So are plenty of others here, and Loncraine can be mischievous about using our familiarity with Dorothy’s story to her advantage. She doesn’t have to spell out the connections to give us a tingle of anticipatory recognition at each of the real-world sources she’s turned up for Baum’s fantasy, from period anecdotes of vanishing balloonists to a letter from his sister-in-law that mentions a house blown away by a cyclone. Better yet, she’s got a knack for choosing the right detail to make routine observations sparkle. While she’s hardly the first to peg P.T. Barnum as the Wizard’s likeliest carnival prototype, I’m not sure I’d ever truly appreciated his prescient genius before learning that his pageant floats sometimes featured mirrors “so that stunned passersby could see their own distorted features grinning back at them” from a biblical or fairy-tale scene—as good a metaphor for pop culture as any.
In fact, the only thing Loncraine can’t do is make Baum himself interesting. Since Finding Oz has the same problem, we can guess where the blame lies. At best, he registers as a still-recognizable American type: one of those go-getting blends of self-confidence and dilettantism whose wayward imagination functions unburdened by introspection. In both accounts his sensibility doesn’t develop so much as it sits around waiting for one of its owner’s hobbies to hit pay dirt. In later years Baum grew fond of embroidering the conceit that Oz actually existed and he was only its historian, which at one level was just canny marketing to the kiddie audience he’d helped, er, invent. But as Loncraine points out, it was also a way of disclaiming authorship—and the shoe fits.

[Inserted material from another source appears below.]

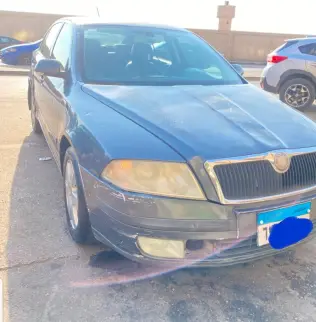 Skoda Octavia A5 2008 Gray Automatic Used for Sale in Greater Cairo ( Cairo + Giza)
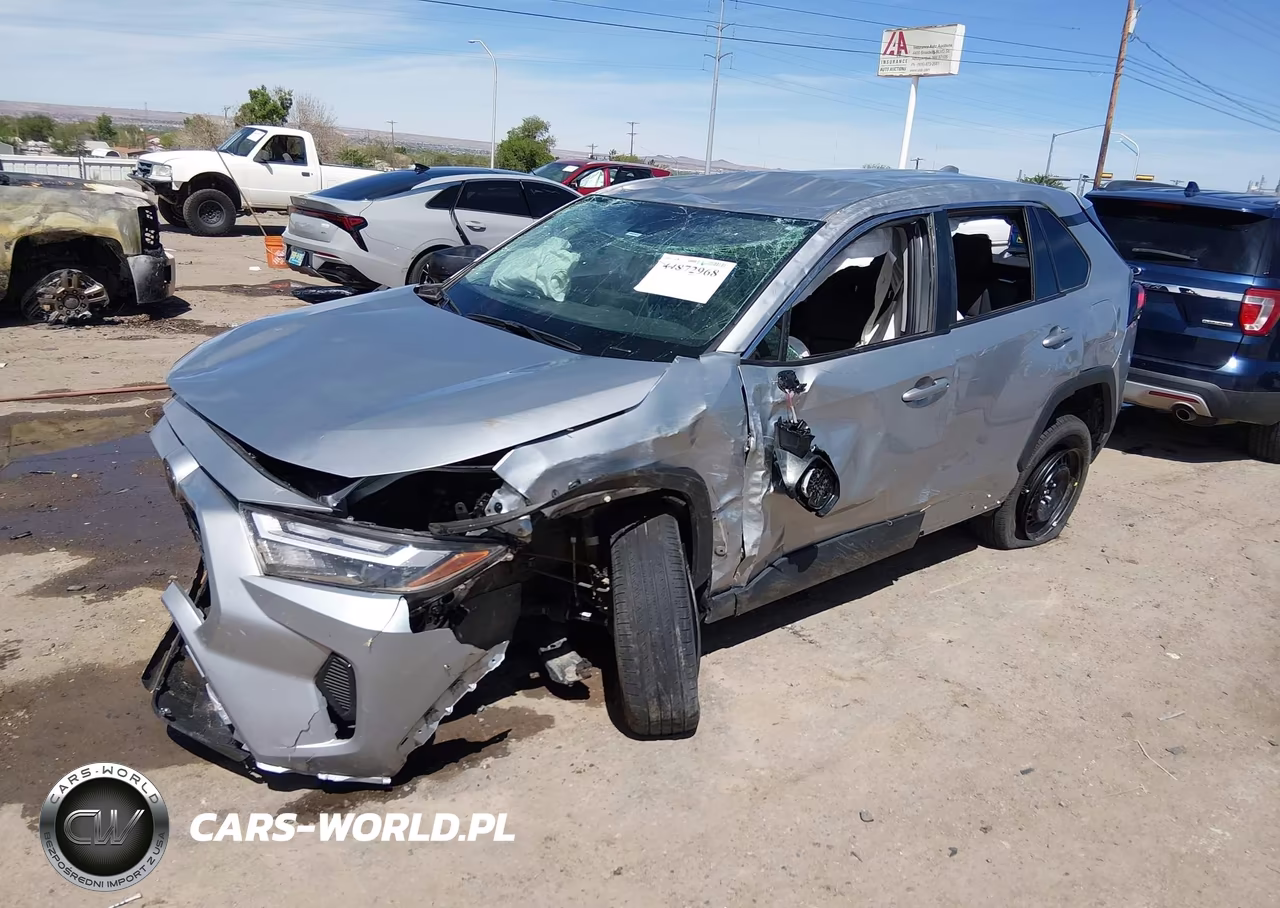 2025 Toyota Rav4 Le VIN:2T3F1RFV2SC491458 - 2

Whatever he was, a deliberate artist he wasn’t. If he had been, he’d probably have bungled the job of turning Huck Finn’s raft into a middle-class house at risk from cyclones—but that only deepens the mystery. After all, 27 million people visited the Chicago World’s Fair in 1893. Only one of them wrote The Wonderful Wizard of Oz, and Loncraine can’t tell us who he really was. My hunch is that Baum couldn’t have, either. This book’s lively portrait of the multiple real and fraudulent worlds vanishing and emerging around him as he set pencil to paper is the next best thing.